▶ WHAT YOU HAVE TO DO
With the pictures removed, please write out every line below exactly as given.

▶ SOURCE MATERIAL
────────
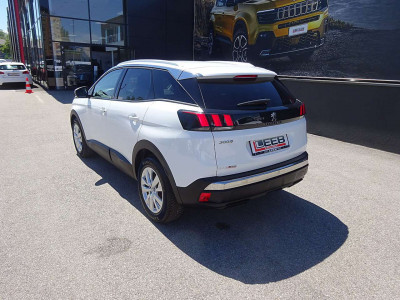Peugeot 3008 Gebrauchtwagen Peugeot 3008 Gebrauchtwagen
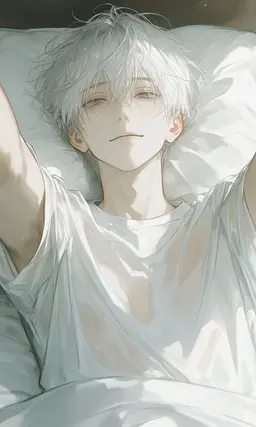 Profile image of 정이안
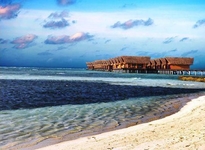 Adaaran Prestige Ocean Villas Hudhuranfushi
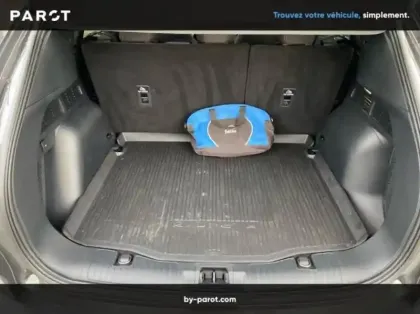 Photo 10 Ford Kuga 2.5 Duratec 190ch FHEV E85 ST-Line Business BVA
────────
▶ FINISHED EXERCISE
Peugeot 3008 Gebrauchtwagen Peugeot 3008 Gebrauchtwagen
 Profile image of 정이안
 Adaaran Prestige Ocean Villas Hudhuranfushi
 Photo 10 Ford Kuga 2.5 Duratec 190ch FHEV E85 ST-Line Business BVA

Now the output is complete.